Summary
Randofy v1 was a broken discovery tool. The algorithm pulled from a narrow slice of Spotify's catalog, surfacing the same pop artists repeatedly and ignoring the depth of what was actually available. The mobile design was immature, important song details were missing, and there was no way to customize or personalize the results.
I rebuilt it from the ground up. I replaced the algorithm with a filter-driven random search across Spotify's full catalog, built a Three.js 3D carousel for browsing results, designed a song detail portal with audio attribute breakdowns, and added a history page so users could return to anything they had discovered.
- Organic user growth: From ~1 to 30 monthly users with zero marketing or promotion.
- Randomness that works: replacing a biased algorithm with a filter system spanning genre, danceability, energy, popularity, and more.
- A product worth returning to: with a history page that logs every session and makes past results filterable and searchable.
- Song detail that goes deeper: giving users genre, length, audio attributes, and a preview for every random result.
Problems
- 01
Broken Randomization
The algorithm surfaced the same artists repeatedly and pulled almost exclusively from pop, meaning the core promise of the product was not being kept. Users found it hard to get genuinely random results and had no way to filter by genre or personal taste.
- 02
Missing Song Details
Users had no way to reliably preview a song, and no context around it: no genre, no length, no audio attributes. Without that information, a random result was just a name and an album cover.
- 03
Immature Mobile Design
The mobile design was immature, important song details were missing, and their was no customize or personalize the results.

Randofy v1 — limited algorithm, weak mobile layout, and no way to filter or personalize results.
Discovery & Approach
I started by surveying 10+ users, a mix of friends and strangers who had used v1. Four pain point clusters came back: broken mobile design, lack of real randomness, no personalization or filtering, and missing song detail. [Pain points slide here]
I audited v1 and looked at three comparable tools: Dubolt, Songs Like, and Radiooooo. Dubolt stood out for its double-ended sliders for filter ranges, which translated abstract audio attribute values into approachable language: popularity became a scale from "playing at dive bars" to "world tour." I used that pattern directly in v2 to give users clarity on what the filters were actually controlling.

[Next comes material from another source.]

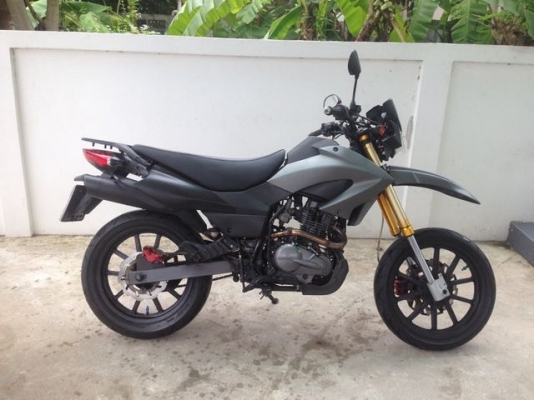 TXM200 วิบาก ดำด้าน 200 cc เครื่องดี ภาษีปี60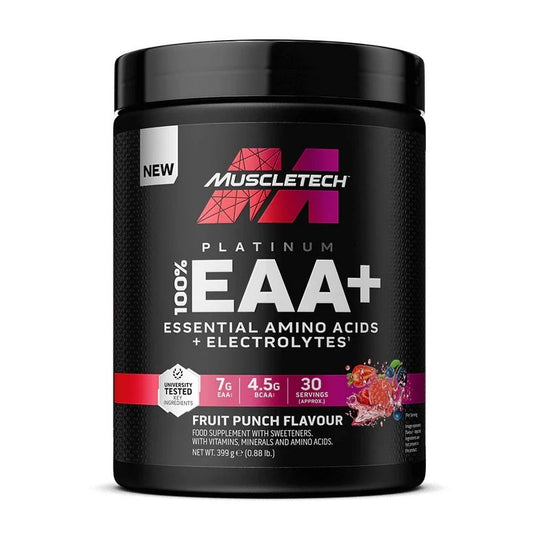 Platinum 100% EAA+, Fruit Punch - 399 grams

The finding that changed everything came from the survey: users did not want purely random. They wanted random within something they already cared about. A metal fan wants to find metal they have never heard, not be served Turkish pop. That distinction moved the product from novelty to discovery tool and made every subsequent decision straightforward.
Solution
The design problems in v1 ran too deep for surface fixes to hold, so I rebuilt the entire product from scratch. The algorithm itself was actually straightforward to repair. The harder work was rethinking the product from the ground up.
The randomization algorithm now pulls from Spotify's full catalog using true random search queries seeded with user-defined filter values. Users set genre, number of songs, and Spotify audio features including danceability, energy, acousticness, and popularity before generating, which means results are genuinely unpredictable within whatever constraints the user defines.
For displaying results, I built a Three.js 3D carousel. Album art is the most immediate signal of what a song might feel like, and presenting it spatially gave the results a sense of scale and discovery. There was real uncertainty about whether it would perform on mobile, and it did.
Each card includes playback controls, a share button, and access to a song detail portal. The portal was originally planned as a side panel in the history view, but I switched to a full overlay because it handled responsive layouts better and gave the song information room to breathe. The portal surfaces album, year, length, genre tags, and a Song Features tab with a breakdown of Spotify's audio attributes including danceability, energy, and acousticness.
The history page logs every generation session by date. Users toggle between list and grid view and filter by the same values used during generation, which turns the tool from a one-time randomizer into something worth coming back to.
I left out YouTube linking despite user requests for it. Staying focused on the core Spotify experience allowed for a tighter, more coherent product at launch, and the feature remains on the backlog.
Impacts
Organic User Growth
Monthly active users grew from ~0-1 to 30 with no promotion, no marketing, and no social presence. These are strangers who found the product and came back. For a solo side project with no distribution strategy, return visits are the most credible signal of product value available.
Randomness That Works
The filter system surfaces songs across six Spotify audio dimensions. Songs no longer repeat artists within a single generation, and a genre request returns results with genuine variety. A user who asks for metal gets metal they have not heard before, not the same three bands.
A Product Worth Returning To
The new history page resolved the problem of moving through previous results. By making it its own page it decluttered the main interaction of generating songs while creating an archive of generated songs.
Song Detail That Goes Deeper
The portal gives users the context missing in v1: album, year, length, genre tags, and a full audio attribute breakdown. Users testing the product used it to go deeper on songs that caught their attention, which was exactly the behavior the missing detail in v1 was preventing.